1S 1,24-28; Salm 1 S 2,1-8; Lucas 1, 46-56

Al saludo de Isabel responde María con un canto de alabanza. Es una explicación de la respuesta que había dado al ángel. María había dicho que era la esclava del Señor. En esa misma dirección se alegra porque el Señor ha fijado en ella la mirada. Lo ha hecho por su pequeñez y, en ella, ha mostrado su preferencia por todos los humildes de la tierra. Ha sido elegida por el Poderoso para mostrar la magnificencia de su brazo y su amor a los hombres.

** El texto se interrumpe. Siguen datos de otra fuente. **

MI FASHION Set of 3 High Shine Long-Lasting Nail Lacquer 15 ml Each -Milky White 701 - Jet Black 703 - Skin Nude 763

María, además, reconoce, como ha sucedido en la historia y sigue pasando, que todas las generaciones la felicitarán. Lo harán por la obra grande que Dios ha cumplido en ella. La verdad es que cuando leemos este texto, que la Iglesia recita a diario en la oración de la tarde, descubrimos la conjunción perfecta entre la humildad y el reconocimiento de las maravillas obradas por Dios. Esa humildad de la Madre del Señor nos la muestra como absolutamente transparente a la gracia divina. El canto del Magnificat es un momento de la alabanza que María rinde al Señor durante toda su vida. Aún nos pasa que cuando nos fijamos en una imagen de la Virgen, o nos detenemos unos momentos a contemplarla, sentimos la necesidad de alabar a Dios por ella y con ella. Su sola figura canta la gloria de Dios con una melodía inigualable. Los cielos, dice un salmo, cantan la gloria de Dios. Todas las criaturas lo hacen como expresó en un bello texto san Francisco de Asís. Pero en María esa alabanza alcanza unas cotas que sin ella son impensables.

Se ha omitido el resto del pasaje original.